Rational Expectations Econometrics

By Lars Peter Hansen, Thomas Sargent Copyright 1991

    At the core of the rational expectations revolution is the insight that economic policy does not operate independently of economic agents' knowledge of that policy and their expectations of the effects of that policy. This means that there are very complicated feedback relationships existing between policy and the behaviour of economic agents, and these relationships pose very difficult problems in econometrics when one tries to exploit the rational expectations insight in formal economic modelling. This volume consists of work by two rational expectations pioneers dealing with the "nuts and bolts" problems of modelling the complications introduced by rational expectations. Each paper deals with aspects of the problem of making inferences about parameters of a dynamic economic model on the basis of time series observations. Each exploits restrictions on an econometric model imposed by the hypothesis that agents within the model have rational expectations.

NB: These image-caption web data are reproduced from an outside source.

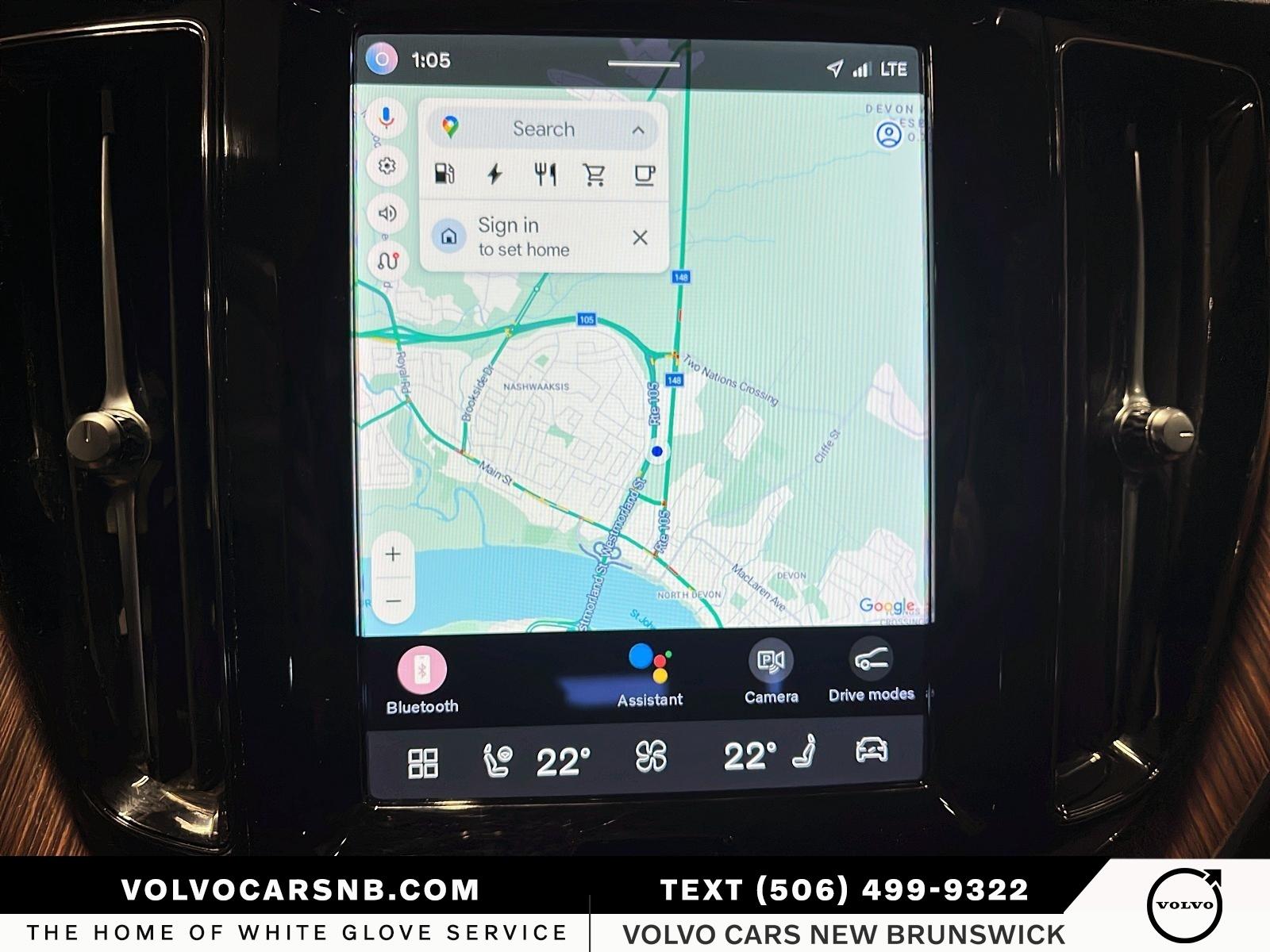 2024 Volvo XC60 Recharge Plug-In Hybrid T8 Ultimate Dark Theme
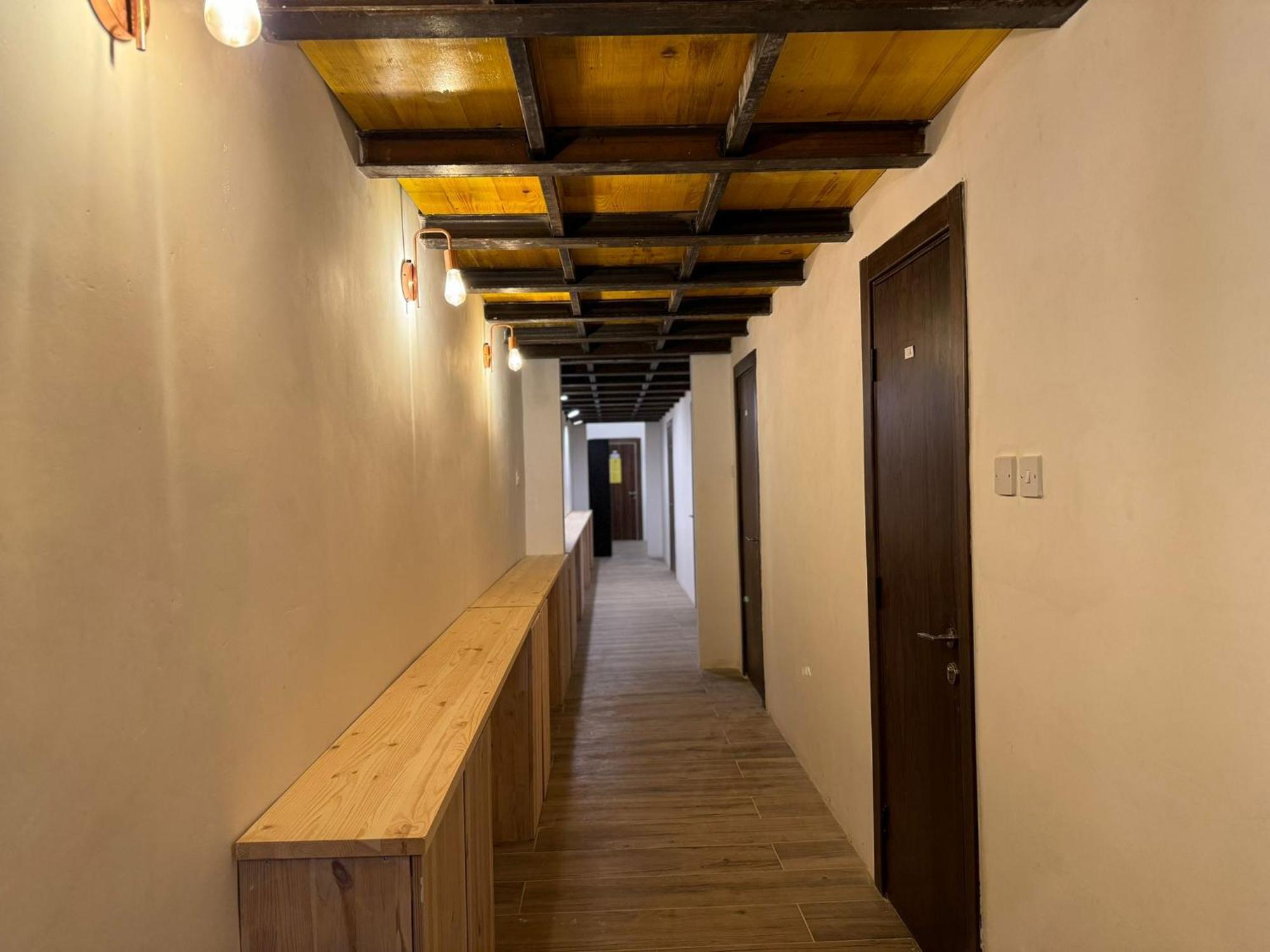 Dragon'S Den Hostel Balzan Exterior photo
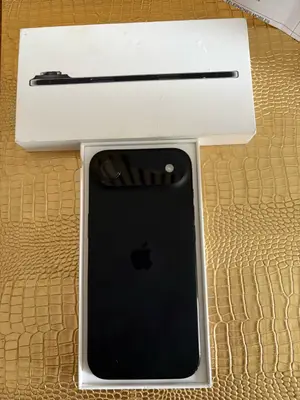 iPhone 17 Air en état quasi neuf, sans rayures, avec boîte d’origine et coque - Miniature 4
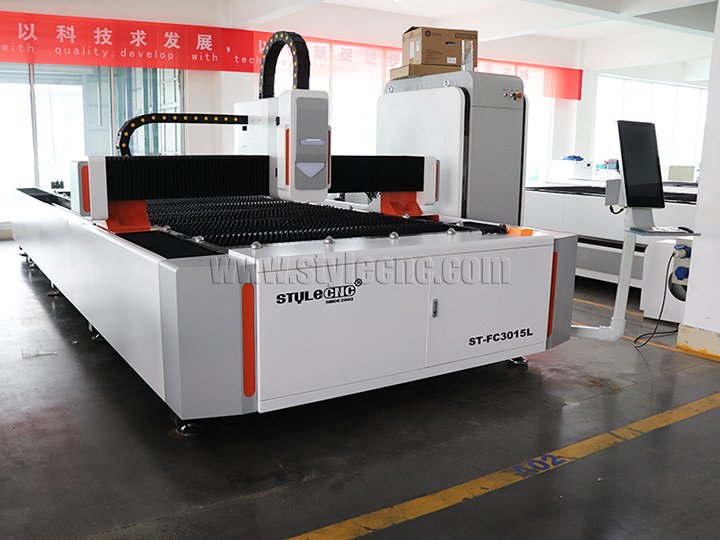 ST-FC3015L 為美國(guó)客戶(hù)提供光纖激光切割機(jī)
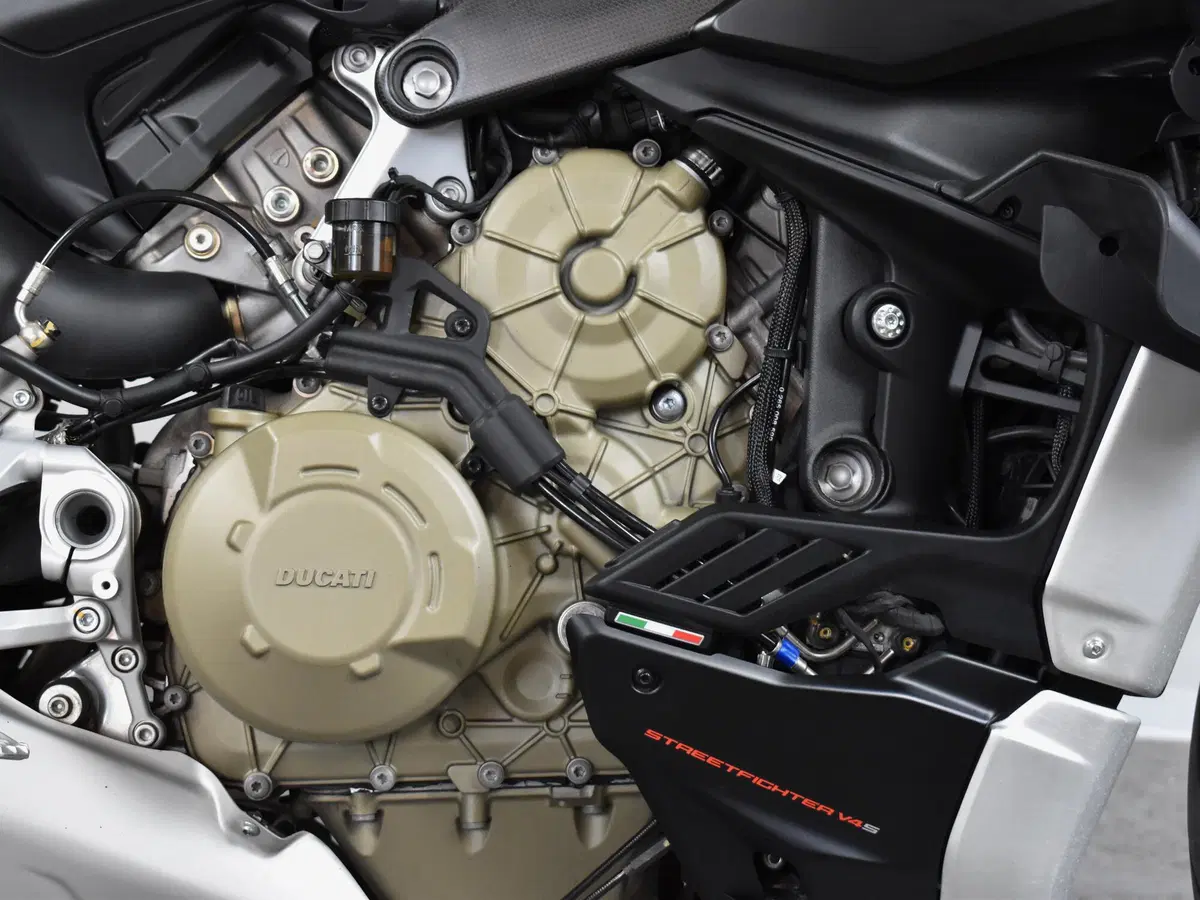Ducati Streetfighter V4 1100 S (2021 - 22) (15)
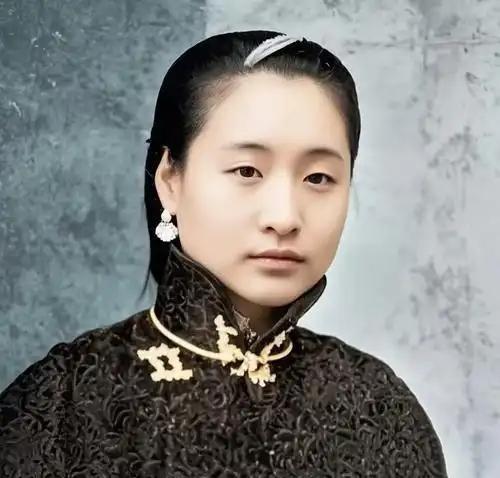 1916年，蔡锷病死了，小情人小凤仙参加完他的葬礼便消失了，直到1998年，她的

    Exact linear rational expectations models; identification of continuous time rational expectations models from discrete time data; two difficulties with interpreting vector auto-regressions.

    Biography

    Lars Peter Hansen, University of Chicago. Thomas J. Sargent is Donald Lucas Professor of Economics at Stanford University and Senior Fellow at the Hoover Institution. A pioneer of the rational expectations school of macroeconomics, he is the author of "The Conquest of American Inflation" (Princeton), "Bounded Rationality in Macroeconomics", and "Dynamic Macroeconomic Theory".